Assigned task → Nothing should differ between your answer and the records.

Information provided →
════

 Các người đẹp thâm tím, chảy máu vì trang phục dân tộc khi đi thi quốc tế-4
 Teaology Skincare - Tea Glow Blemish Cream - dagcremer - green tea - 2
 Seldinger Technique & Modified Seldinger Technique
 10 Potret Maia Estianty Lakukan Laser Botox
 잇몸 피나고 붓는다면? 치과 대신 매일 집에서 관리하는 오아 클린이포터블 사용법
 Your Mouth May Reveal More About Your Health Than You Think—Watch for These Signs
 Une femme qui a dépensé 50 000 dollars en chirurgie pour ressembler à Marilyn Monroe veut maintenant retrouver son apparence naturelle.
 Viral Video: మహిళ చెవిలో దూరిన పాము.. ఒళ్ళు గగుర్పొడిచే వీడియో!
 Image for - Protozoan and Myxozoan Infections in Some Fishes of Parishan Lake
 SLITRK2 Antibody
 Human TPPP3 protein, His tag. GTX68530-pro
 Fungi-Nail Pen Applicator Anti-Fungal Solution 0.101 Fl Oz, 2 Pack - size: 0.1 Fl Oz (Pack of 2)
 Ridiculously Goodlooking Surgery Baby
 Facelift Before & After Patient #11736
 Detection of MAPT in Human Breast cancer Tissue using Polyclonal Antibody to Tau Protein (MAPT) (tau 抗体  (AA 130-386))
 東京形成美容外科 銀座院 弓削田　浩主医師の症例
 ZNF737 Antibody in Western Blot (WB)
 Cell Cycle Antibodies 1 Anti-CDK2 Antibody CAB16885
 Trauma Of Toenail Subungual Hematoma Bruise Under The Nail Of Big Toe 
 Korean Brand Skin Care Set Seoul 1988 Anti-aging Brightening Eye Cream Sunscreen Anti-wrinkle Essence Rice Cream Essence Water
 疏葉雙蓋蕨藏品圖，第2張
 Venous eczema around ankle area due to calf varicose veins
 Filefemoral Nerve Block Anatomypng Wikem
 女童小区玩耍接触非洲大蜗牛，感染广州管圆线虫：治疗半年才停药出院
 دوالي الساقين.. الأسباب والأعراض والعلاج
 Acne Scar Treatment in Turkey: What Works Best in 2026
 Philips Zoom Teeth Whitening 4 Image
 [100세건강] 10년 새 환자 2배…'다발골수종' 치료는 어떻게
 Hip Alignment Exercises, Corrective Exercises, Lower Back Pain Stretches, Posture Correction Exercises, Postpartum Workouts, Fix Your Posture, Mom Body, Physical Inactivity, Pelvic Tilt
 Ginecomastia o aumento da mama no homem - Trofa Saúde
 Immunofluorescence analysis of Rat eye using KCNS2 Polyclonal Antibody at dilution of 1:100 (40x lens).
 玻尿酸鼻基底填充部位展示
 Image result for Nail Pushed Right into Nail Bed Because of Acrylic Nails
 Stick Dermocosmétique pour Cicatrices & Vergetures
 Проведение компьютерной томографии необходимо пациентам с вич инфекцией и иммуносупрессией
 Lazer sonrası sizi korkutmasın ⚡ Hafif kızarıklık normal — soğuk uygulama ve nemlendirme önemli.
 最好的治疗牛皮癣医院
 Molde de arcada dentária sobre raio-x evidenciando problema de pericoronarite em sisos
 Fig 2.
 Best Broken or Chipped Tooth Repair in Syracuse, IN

════

Response to this task →
 Các người đẹp thâm tím, chảy máu vì trang phục dân tộc khi đi thi quốc tế-4
 Teaology Skincare - Tea Glow Blemish Cream - dagcremer - green tea - 2
 Seldinger Technique & Modified Seldinger Technique
 10 Potret Maia Estianty Lakukan Laser Botox
 잇몸 피나고 붓는다면? 치과 대신 매일 집에서 관리하는 오아 클린이포터블 사용법
 Your Mouth May Reveal More About Your Health Than You Think—Watch for These Signs
 Une femme qui a dépensé 50 000 dollars en chirurgie pour ressembler à Marilyn Monroe veut maintenant retrouver son apparence naturelle.
 Viral Video: మహిళ చెవిలో దూరిన పాము.. ఒళ్ళు గగుర్పొడిచే వీడియో!
 Image for - Protozoan and Myxozoan Infections in Some Fishes of Parishan Lake
 SLITRK2 Antibody
 Human TPPP3 protein, His tag. GTX68530-pro
 Fungi-Nail Pen Applicator Anti-Fungal Solution 0.101 Fl Oz, 2 Pack - size: 0.1 Fl Oz (Pack of 2)
 Ridiculously Goodlooking Surgery Baby
 Facelift Before & After Patient #11736
 Detection of MAPT in Human Breast cancer Tissue using Polyclonal Antibody to Tau Protein (MAPT) (tau 抗体  (AA 130-386))
 東京形成美容外科 銀座院 弓削田　浩主医師の症例
 ZNF737 Antibody in Western Blot (WB)
 Cell Cycle Antibodies 1 Anti-CDK2 Antibody CAB16885
 Trauma Of Toenail Subungual Hematoma Bruise Under The Nail Of Big Toe 
 Korean Brand Skin Care Set Seoul 1988 Anti-aging Brightening Eye Cream Sunscreen Anti-wrinkle Essence Rice Cream Essence Water
 疏葉雙蓋蕨藏品圖，第2張
 Venous eczema around ankle area due to calf varicose veins
 Filefemoral Nerve Block Anatomypng Wikem
 女童小区玩耍接触非洲大蜗牛，感染广州管圆线虫：治疗半年才停药出院
 دوالي الساقين.. الأسباب والأعراض والعلاج
 Acne Scar Treatment in Turkey: What Works Best in 2026
 Philips Zoom Teeth Whitening 4 Image
 [100세건강] 10년 새 환자 2배…'다발골수종' 치료는 어떻게
 Hip Alignment Exercises, Corrective Exercises, Lower Back Pain Stretches, Posture Correction Exercises, Postpartum Workouts, Fix Your Posture, Mom Body, Physical Inactivity, Pelvic Tilt
 Ginecomastia o aumento da mama no homem - Trofa Saúde
 Immunofluorescence analysis of Rat eye using KCNS2 Polyclonal Antibody at dilution of 1:100 (40x lens).
 玻尿酸鼻基底填充部位展示
 Image result for Nail Pushed Right into Nail Bed Because of Acrylic Nails
 Stick Dermocosmétique pour Cicatrices & Vergetures
 Проведение компьютерной томографии необходимо пациентам с вич инфекцией и иммуносупрессией
 Lazer sonrası sizi korkutmasın ⚡ Hafif kızarıklık normal — soğuk uygulama ve nemlendirme önemli.
 最好的治疗牛皮癣医院
 Molde de arcada dentária sobre raio-x evidenciando problema de pericoronarite em sisos
 Fig 2.
 Best Broken or Chipped Tooth Repair in Syracuse, IN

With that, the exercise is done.